BitFunnel / NativeJIT

A C++ expression -> x64 JIT
http://bitfunnel.org/
MIT License
1.14k stars 83 forks source link

Magic buffer sizes #69

Open joto opened 7 years ago

joto commented 7 years ago

All the sample code contains the same lines with magic numbers:

ExecutionBuffer codeAllocator(8192);
Allocator allocator(8192);
FunctionBuffer code(codeAllocator, 8192);

I have been running into cases with more complex expressions where this is too small. But there is no documentation on how big this should be and how the different buffers fit together. Of course it would be even better if this allocation was dynamic, so I don't have to know...

As a side note: FunctionBuffer takes an unsigned as capacity while ExecutionBuffer and Allocator take a size_t which is inconsistent.

MikeHopcroft commented 7 years ago

Thanks for raising this issue. Magic numbers are indeed problematic.

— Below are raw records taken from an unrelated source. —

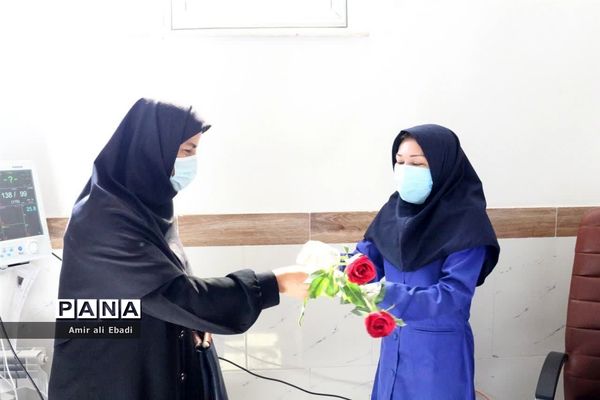 تجلیل از پزشکان توسط فرماندار شهرستان میاندورود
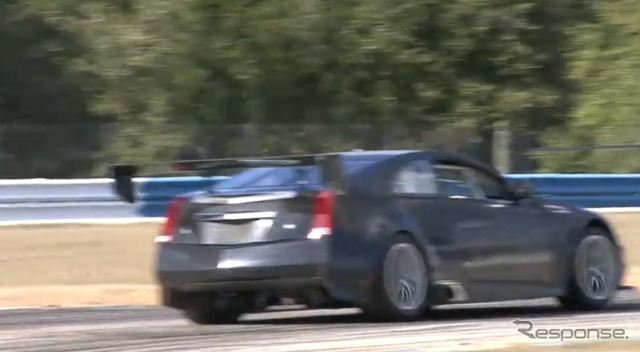 CTS-Vクーペ レース仕様車のサーキット初テスト 動画キャプチャ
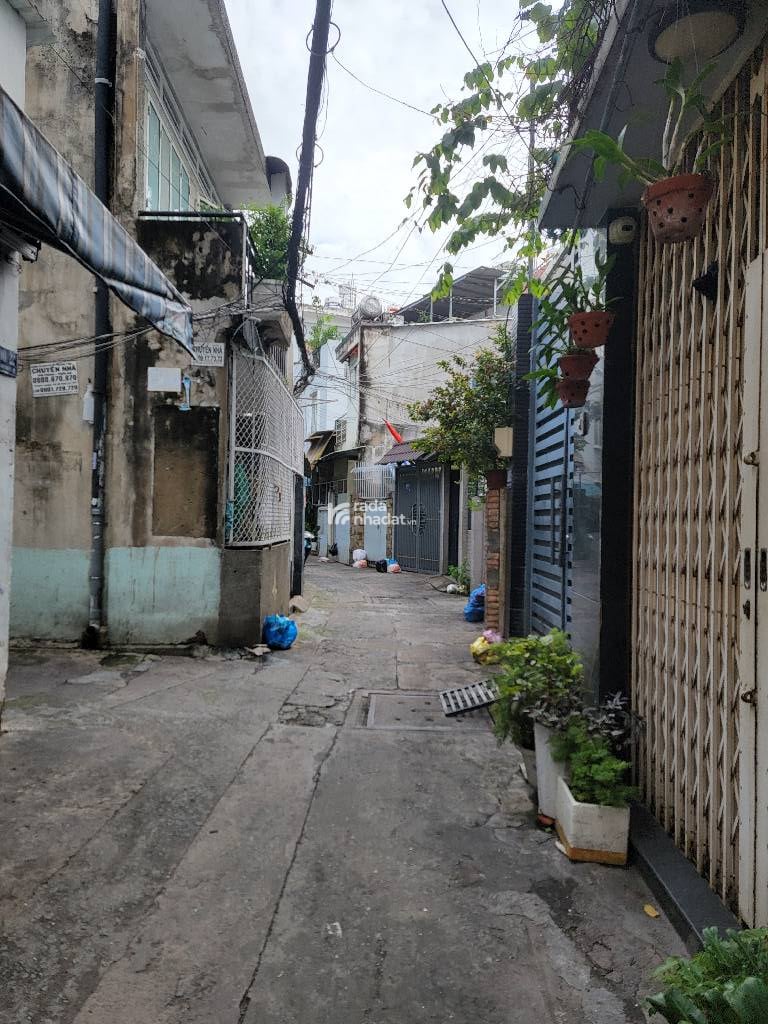 HẺM XE HƠI SÁT VÁCH. HOÀNG HOA THÁM, BÌNH THẠNH, 70M2 TIỆN CẢI TẠO. GIẢM 550TR CHỈ 8T TL 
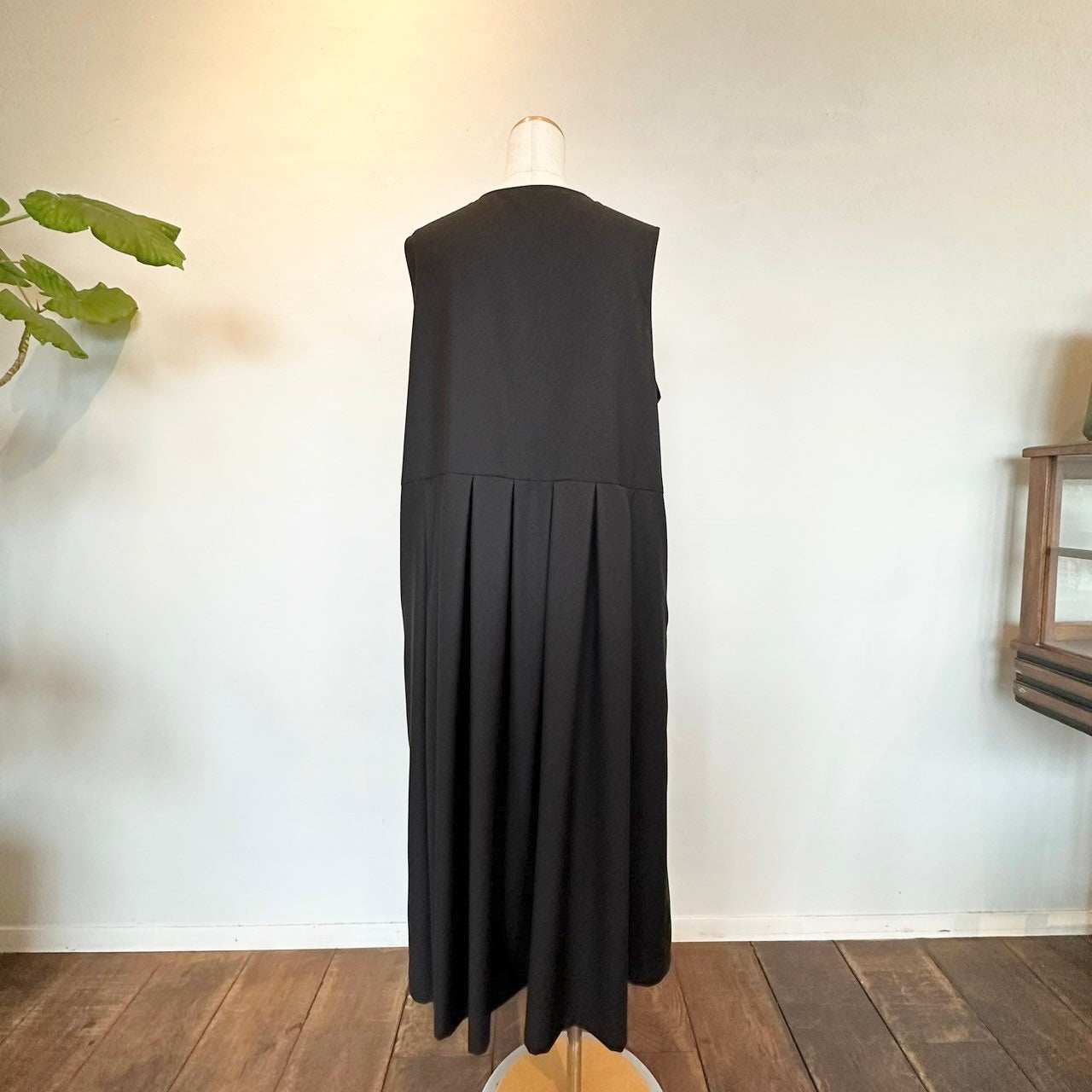 ina イナ ウエスト切替タックジャンパースカート BLACK   236661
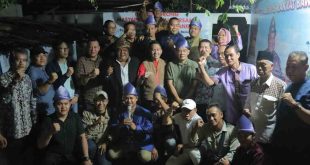 PJ Walikota Palembang, Ratu Dewa bersama warga Bukit Kecil, Senin (10/6/2024). Foto: Kominfo Palembang.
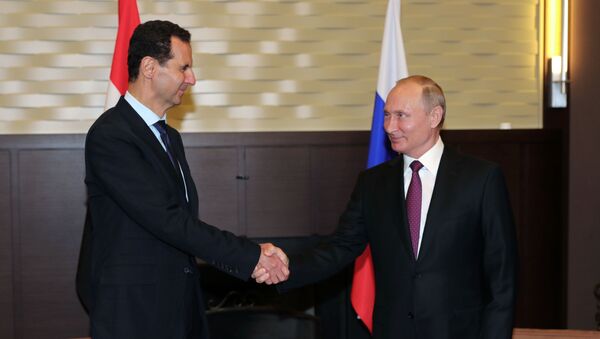 Президент РФ Владимир Путин и президент Сирийской арабской республики Башар Асад (слева) во время встречи, фото из архива - Sputnik Азербайджан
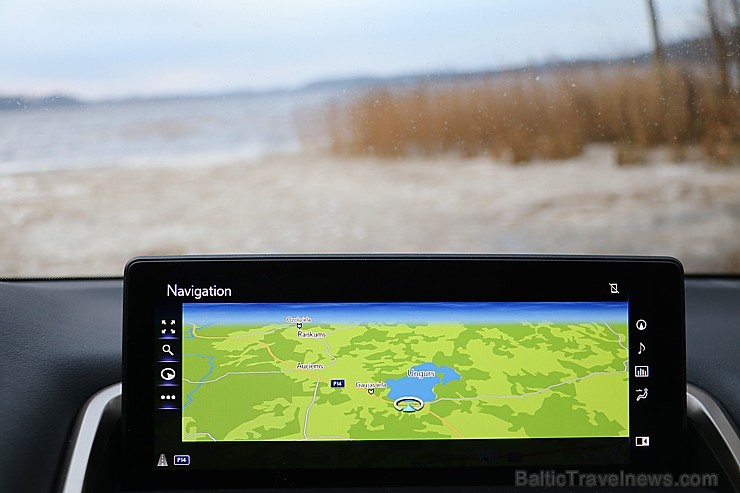 Travelnews.lv ar jauno krosoveru Lexus NX 300H ceļo uz Ungurmuižu 213008
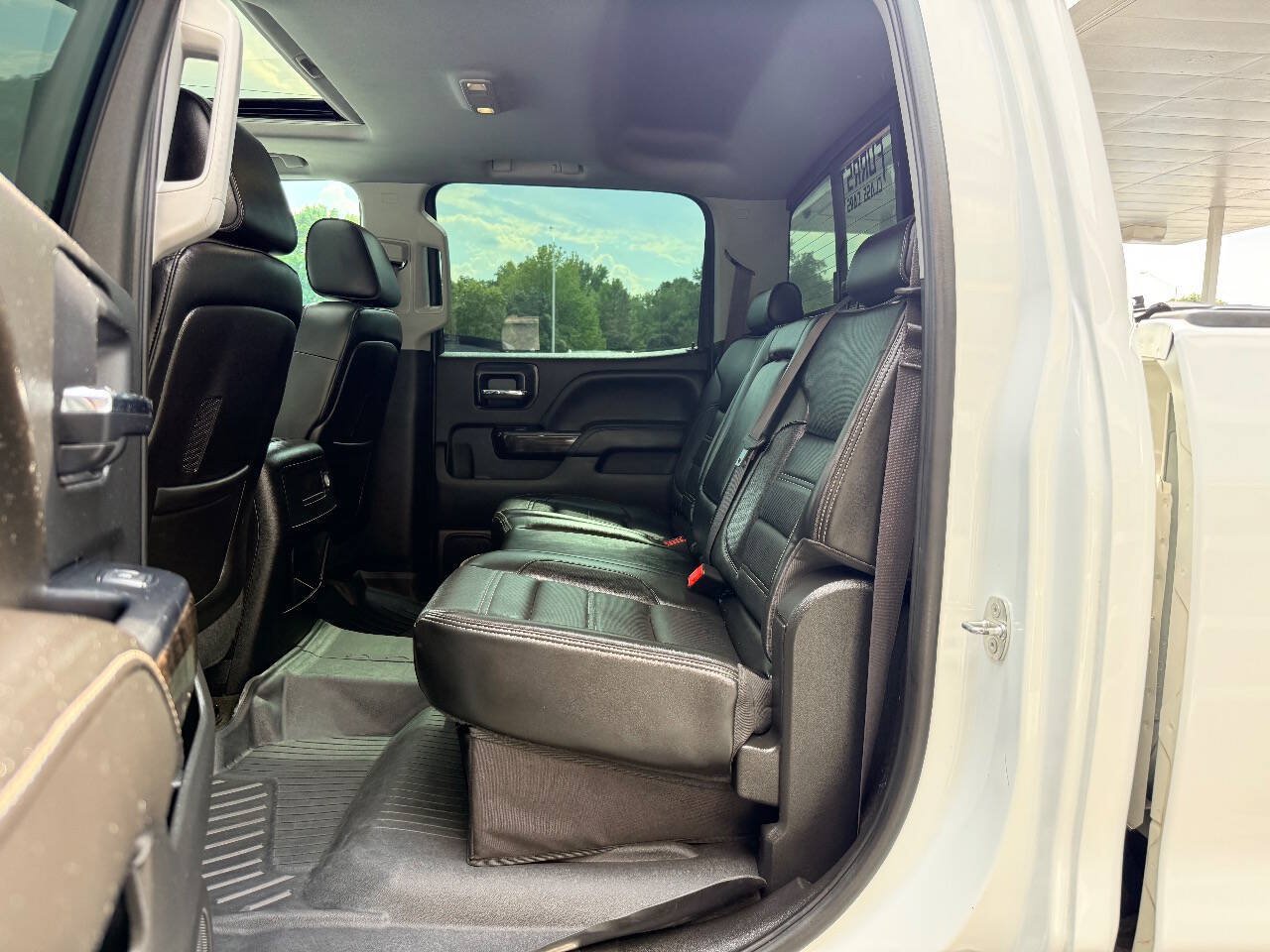 Used 2015 GMC Sierra 2500 Denali w/ Duramax Plus Package AWD/4WD image 34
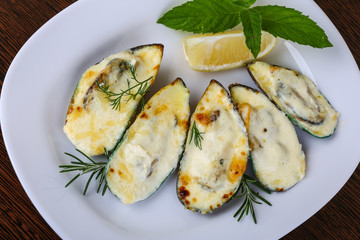 Mussels backed in cream sauce
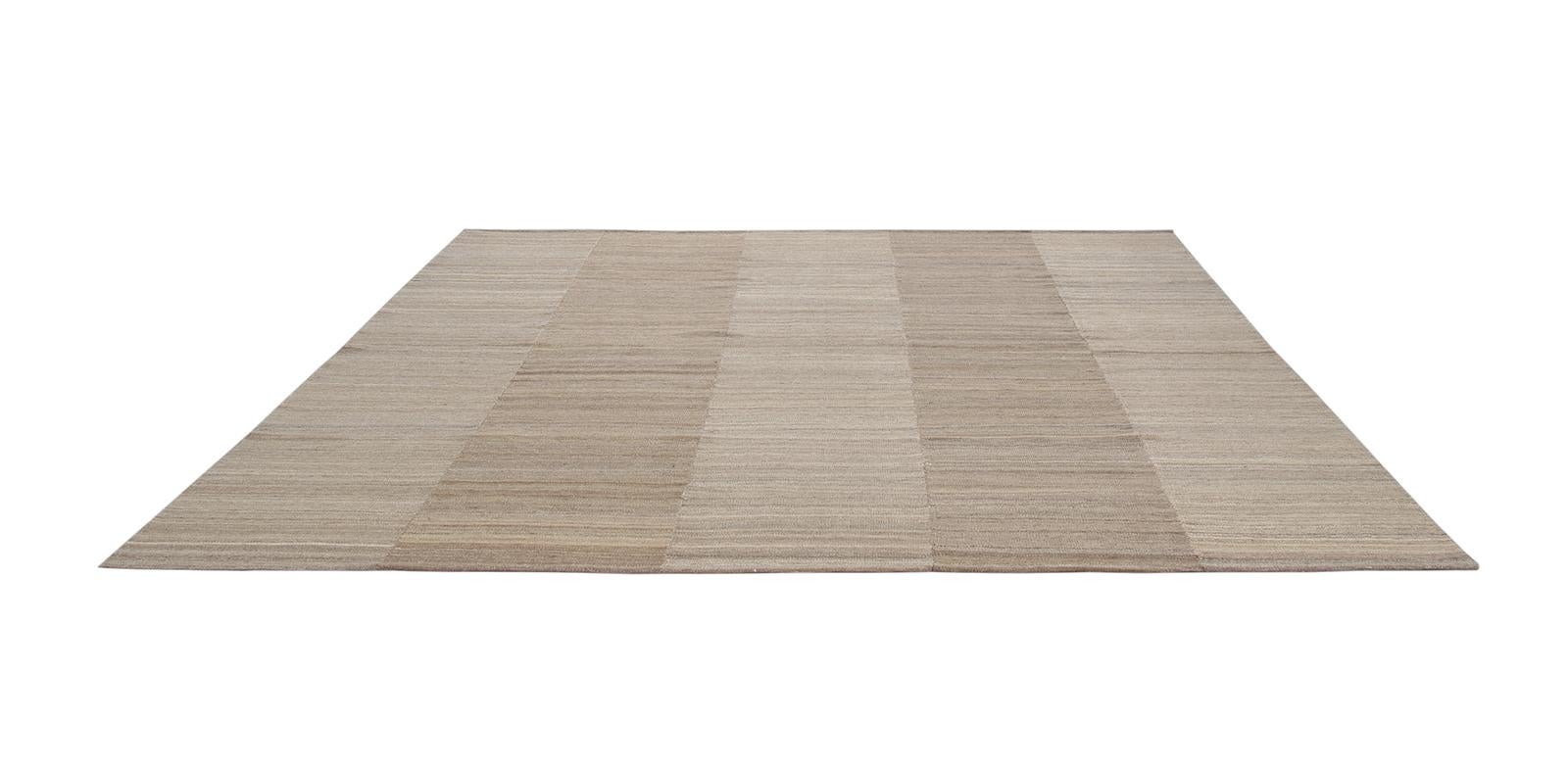 Persian Modern Shiraz Handwoven Flatweave Rug in Natural and Brown Color For Sale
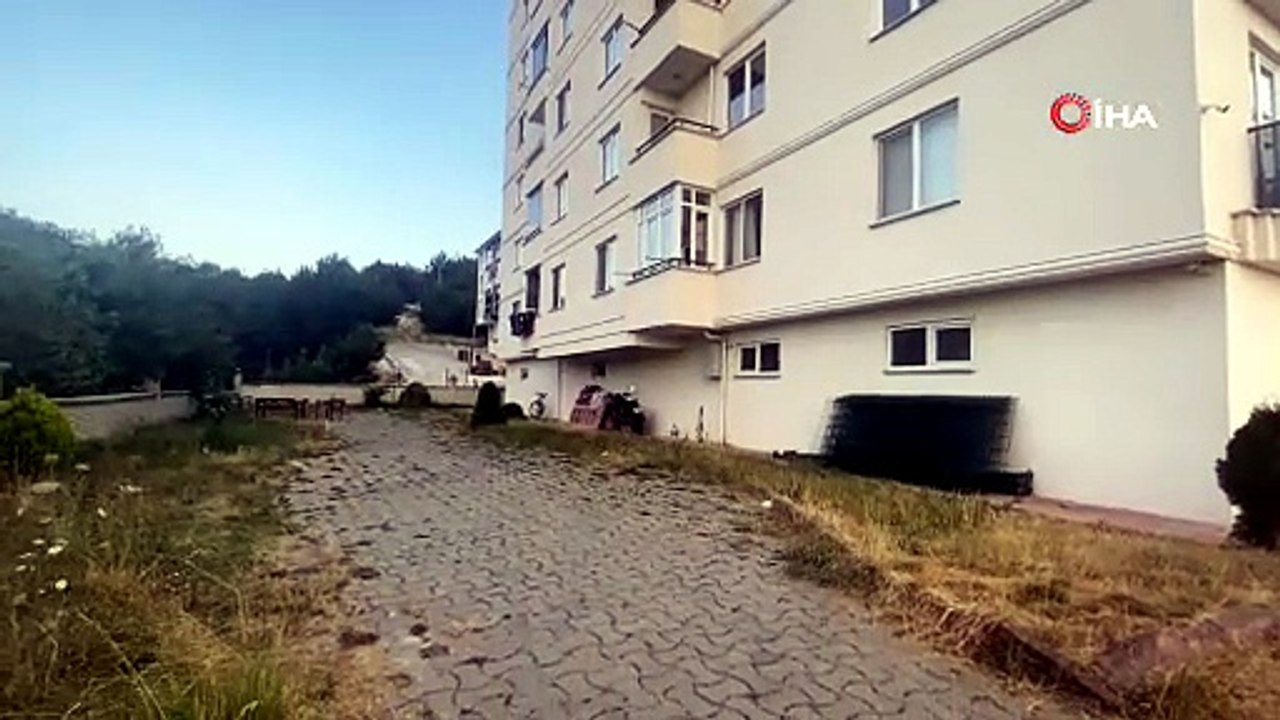 Binanın 7. katından düşen çocuk hayatını kaybetti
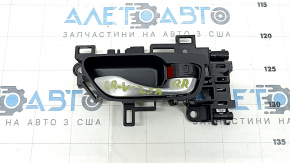 Ручка двери внутренняя задняя правая Honda CRV 23-26 черная с хром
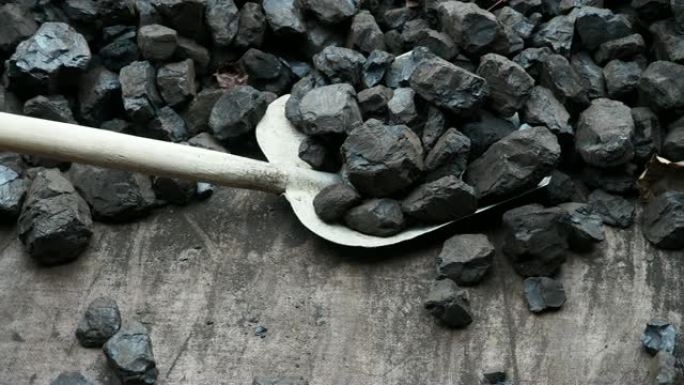 铲子和煤。一堆褐煤用铲子，褐煤储存。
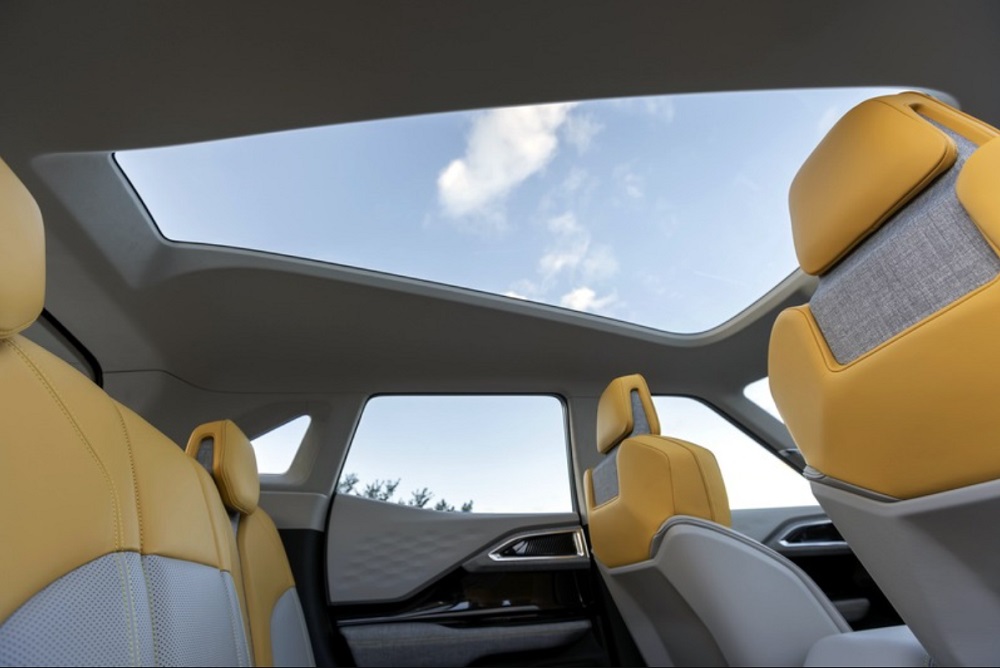 就連天窗的造型也和以往我們看到的全景天窗不太一樣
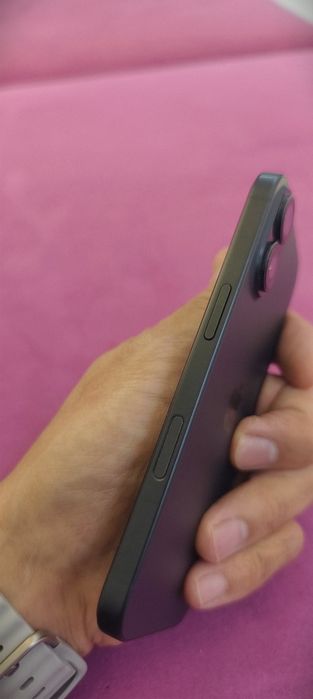IPhone 16.  128 gb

Historically speaking, eliminating the need for the magic numbers wasn’t a priority in Bing because their use case employed fixed-sized buffers in order to maximize performance. Using fixed-sized buffers allowed them to eliminate all heap allocations on the query processing path. Eliminating heap allocations mainly had an impact on reducing lock contention in a multi-threaded environment. The Bing use case went to extreme lengths to boost performance. As an example, they also used the virtual memory system to allocate guard pages beyond the end of buffers to catch overflows so that they could eliminate bounds checking on each byte write operation.

Most users of NativeJIT don’t need these extreme optimizations and could benefit from buffers that grow automatically as needed. I did a brief investigation and feel it would be feasible to add this support to the codebase without hurting the performance for those who want to use fixed sized buffers.

Before I get into the details, I'll suggest that in many use cases you can just pick magic numbers that are ridiculously large and move on. For example, give each buffer 1Mb. This is likely to work in the vast majority of cases and is still inexpensive on modern hardware.

If you are interested in eliminating magic numbers from the API, the details follow. If you are considering putting together a PR, please check with us first to increase the likelihood that we will be able to take your contribution.

MikeHopcroft commented 7 years ago

With regards to @joto's side note, we're transitioning the code base to use size_t anytime we want a default size unsigned value. Since our compiler targets x64, we feel that there is no performance penalty to using size_t in our API (vs unsigned). Once we've finished transitioning to size_t, the only smaller types will be in places where we require a smaller size (e.g. field of a size-sensitive struct). In general, we're trying to avoid signed types as well unless the use case requires negative numbers. We will transition the code over time, but the priority is low - we're mainly fixing things as we encounter them while implementing higher priority changes. Please feel free to submit PRs on this topic.